What the task asks: Filter the entries, keeping every line with the word "flowers".

Recorded data:

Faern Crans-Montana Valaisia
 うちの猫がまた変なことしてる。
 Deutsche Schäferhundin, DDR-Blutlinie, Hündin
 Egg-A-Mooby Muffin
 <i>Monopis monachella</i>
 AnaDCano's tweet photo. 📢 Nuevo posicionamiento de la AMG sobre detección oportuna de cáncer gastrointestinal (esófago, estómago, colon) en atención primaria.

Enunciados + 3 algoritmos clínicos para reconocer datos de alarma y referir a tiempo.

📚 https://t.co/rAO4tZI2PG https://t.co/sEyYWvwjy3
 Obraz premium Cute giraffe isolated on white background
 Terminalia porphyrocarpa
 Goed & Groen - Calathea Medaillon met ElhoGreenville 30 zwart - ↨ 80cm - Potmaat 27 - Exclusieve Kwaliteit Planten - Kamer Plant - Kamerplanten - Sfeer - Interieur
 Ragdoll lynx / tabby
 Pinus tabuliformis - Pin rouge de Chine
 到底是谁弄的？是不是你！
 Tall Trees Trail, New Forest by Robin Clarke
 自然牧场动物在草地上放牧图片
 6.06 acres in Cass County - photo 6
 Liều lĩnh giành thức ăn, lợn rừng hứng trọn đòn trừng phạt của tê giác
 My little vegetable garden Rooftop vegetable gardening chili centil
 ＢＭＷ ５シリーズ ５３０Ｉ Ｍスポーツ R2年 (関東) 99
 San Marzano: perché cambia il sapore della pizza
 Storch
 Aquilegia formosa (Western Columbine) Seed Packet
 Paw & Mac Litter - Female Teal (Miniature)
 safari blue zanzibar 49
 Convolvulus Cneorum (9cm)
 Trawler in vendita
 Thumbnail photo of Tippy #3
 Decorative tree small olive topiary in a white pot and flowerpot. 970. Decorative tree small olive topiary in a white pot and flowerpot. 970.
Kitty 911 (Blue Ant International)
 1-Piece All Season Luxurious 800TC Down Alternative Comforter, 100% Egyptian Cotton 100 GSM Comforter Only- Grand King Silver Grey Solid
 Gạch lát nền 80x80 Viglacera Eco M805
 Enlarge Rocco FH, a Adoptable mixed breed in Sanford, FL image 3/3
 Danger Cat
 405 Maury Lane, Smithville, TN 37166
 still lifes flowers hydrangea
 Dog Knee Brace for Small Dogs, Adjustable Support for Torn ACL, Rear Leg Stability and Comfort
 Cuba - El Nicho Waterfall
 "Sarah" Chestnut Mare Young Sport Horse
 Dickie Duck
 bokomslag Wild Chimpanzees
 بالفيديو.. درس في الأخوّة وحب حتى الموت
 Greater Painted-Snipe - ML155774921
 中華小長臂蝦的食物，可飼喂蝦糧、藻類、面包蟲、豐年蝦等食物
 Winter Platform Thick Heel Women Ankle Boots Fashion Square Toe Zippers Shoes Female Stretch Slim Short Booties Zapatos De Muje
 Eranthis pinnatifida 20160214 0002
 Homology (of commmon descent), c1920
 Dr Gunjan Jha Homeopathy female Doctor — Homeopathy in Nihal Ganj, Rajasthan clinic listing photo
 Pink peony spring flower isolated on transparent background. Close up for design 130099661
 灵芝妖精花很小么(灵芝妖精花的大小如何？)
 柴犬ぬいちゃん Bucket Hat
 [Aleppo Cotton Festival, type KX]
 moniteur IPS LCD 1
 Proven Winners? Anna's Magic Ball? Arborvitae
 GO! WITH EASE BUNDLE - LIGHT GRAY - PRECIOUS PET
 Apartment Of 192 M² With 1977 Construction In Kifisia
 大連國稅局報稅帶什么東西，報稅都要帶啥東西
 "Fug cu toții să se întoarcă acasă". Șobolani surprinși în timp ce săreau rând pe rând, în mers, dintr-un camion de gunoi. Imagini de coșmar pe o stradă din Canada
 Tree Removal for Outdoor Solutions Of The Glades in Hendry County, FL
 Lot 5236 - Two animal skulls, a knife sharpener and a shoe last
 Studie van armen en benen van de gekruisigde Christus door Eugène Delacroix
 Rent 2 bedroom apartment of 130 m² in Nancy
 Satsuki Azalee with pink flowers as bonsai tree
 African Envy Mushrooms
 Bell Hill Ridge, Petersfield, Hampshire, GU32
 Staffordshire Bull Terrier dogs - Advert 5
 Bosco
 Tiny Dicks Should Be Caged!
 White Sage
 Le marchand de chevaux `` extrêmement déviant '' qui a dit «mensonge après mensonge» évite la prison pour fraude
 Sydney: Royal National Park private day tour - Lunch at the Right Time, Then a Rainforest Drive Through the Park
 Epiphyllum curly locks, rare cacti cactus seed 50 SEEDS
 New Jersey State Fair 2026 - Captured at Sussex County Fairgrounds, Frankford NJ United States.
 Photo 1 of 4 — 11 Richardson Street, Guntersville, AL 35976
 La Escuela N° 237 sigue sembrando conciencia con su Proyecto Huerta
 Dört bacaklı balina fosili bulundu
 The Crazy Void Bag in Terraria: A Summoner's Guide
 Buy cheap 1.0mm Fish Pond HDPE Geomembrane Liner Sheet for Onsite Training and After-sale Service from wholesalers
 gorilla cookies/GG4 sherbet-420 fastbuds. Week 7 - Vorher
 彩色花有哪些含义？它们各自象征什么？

Solution to this task:
 still lifes flowers hydrangea
 Satsuki Azalee with pink flowers as bonsai tree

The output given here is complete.